What the task asks: Print the listing exactly as it stands. Skip every picture.

[[ Material provided open ]]

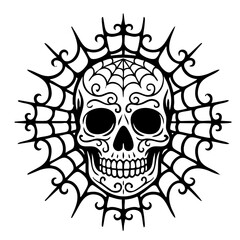Skull Spider Web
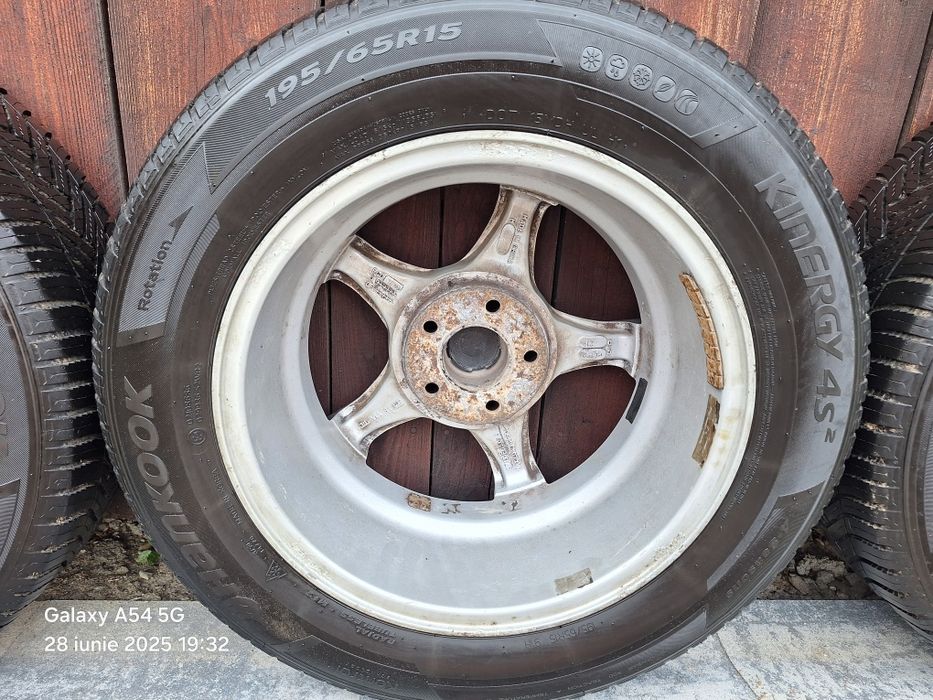 Anvelope,jante,roți Ford  195/65R15 - 4 bucăți
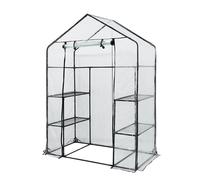 Serre 143 x 73 x 195 cm, feuille PVC, structure métallique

[[ Material provided closed ]]

Result of the task:
Skull Spider Web
 Anvelope,jante,roți Ford  195/65R15 - 4 bucăți
 Serre 143 x 73 x 195 cm, feuille PVC, structure métallique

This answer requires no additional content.